В школу Эмиль не пойдет.
* * *
Наступает август, и Лепажи возвращаются в Париж. Отец поглощен работой, он готовит историческую запись: “Сонаты для флейты и клавесина” Баха с великой клавесинисткой Соней Фельдман.
А мать и сын, взявшись за руки, бегут, бегут, бегут вдвоем к мосту Искусств.
Консьержка стоит у своего окошка на первом этаже, глядя им вслед, качает головой и улыбается. Мадам Лепаж, похоже, отлично себя чувствует – ну и хорошо! Саму мадемуазель Бланш в последнее время мучает флебит, и ходить ей все труднее. Теперь по утрам, когда она разносит почту, приходится не только подниматься, но и спускаться с этажа на этаж на лифте.
* * *
– Ты видела, что у вас творится? – спрашивает Андраш, когда они одеваются после любви, после чая и еще любви.
– У нас?
Первая мысль Саффи – об улице Сены, и она недоумевает, о чем это он.
– В Берлине.
– …?
Она качает головой: нет.
– Саффи… Ты не в курсе?
– Нет.
Кровь застывает в жилах и наливает свинцом пальцы, ноги. У вас – в Берлине – она не понимает этого языка.

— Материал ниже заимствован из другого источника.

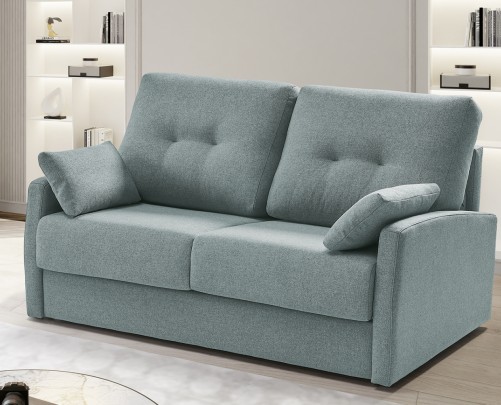 Sofas cama MOP-15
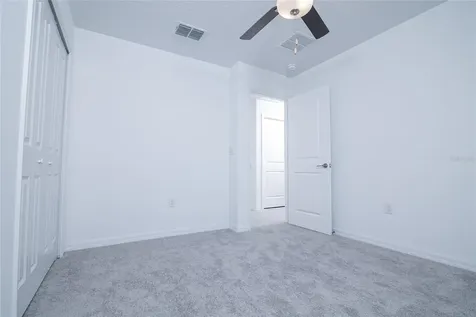 2189 Teneroc Trail Lakeland FL 33801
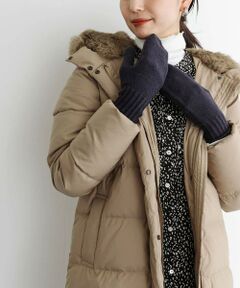 URBAN RESEARCH / アーバンリサーチ 手袋 | ミトン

– Они построили стену и перегородили город. Слишком много народу ушло из Восточного Берлина в Западный. Больше тридцати тысяч с начала лета. Больше двух миллионов с сорок девятого года.
– Стену?..
– Да. Через весь город. С колючей проволокой, часовыми, пулеметами… красота, да и только.
– Нет… Перестань…
– Ты совсем ничего не хочешь знать, Саффи? Даже про свою страну?
– Я француженка, – отвечает Саффи с тупым упрямством.
– А, ну конечно. Ты француженка, а я китаец. – Он салютует левой рукой. – Да здравствует Мао Цзэдун!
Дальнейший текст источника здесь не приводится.